### Work task
The material below includes pictures; leave them out and return only the lines between the line containing "PA license plate MTV1672" and the line containing "Handmade German Baltic", inclusive, word for word.

### Data in this exercise
━━━━━━━━━━━━━━━━━━━━━━━━━━━━━━

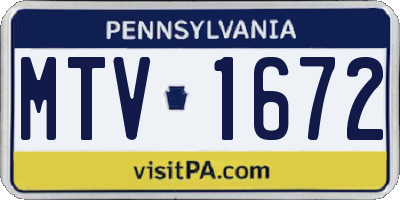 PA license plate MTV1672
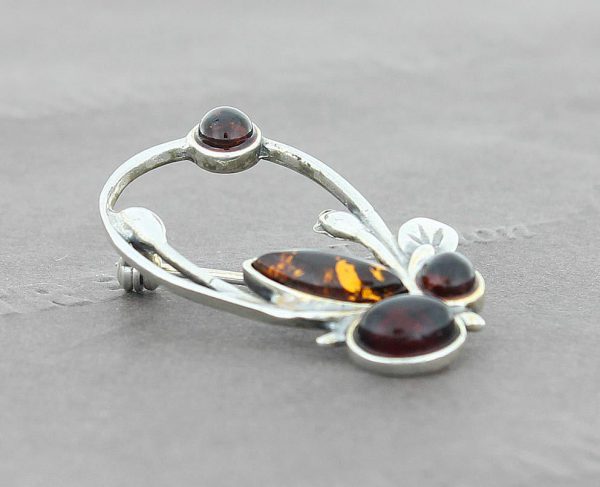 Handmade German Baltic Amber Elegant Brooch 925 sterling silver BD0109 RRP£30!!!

━━━━━━━━━━━━━━━━━━━━━━━━━━━━━━

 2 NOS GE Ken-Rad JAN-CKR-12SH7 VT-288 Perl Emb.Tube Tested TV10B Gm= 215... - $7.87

━━━━━━━━━━━━━━━━━━━━━━━━━━━━━━

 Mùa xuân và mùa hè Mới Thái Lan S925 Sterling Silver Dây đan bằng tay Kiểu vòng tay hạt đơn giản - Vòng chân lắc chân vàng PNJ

━━━━━━━━━━━━━━━━━━━━━━━━━━━━━━

### The completed task
 PA license plate MTV1672
 Handmade German Baltic Amber Elegant Brooch 925 sterling silver BD0109 RRP£30!!!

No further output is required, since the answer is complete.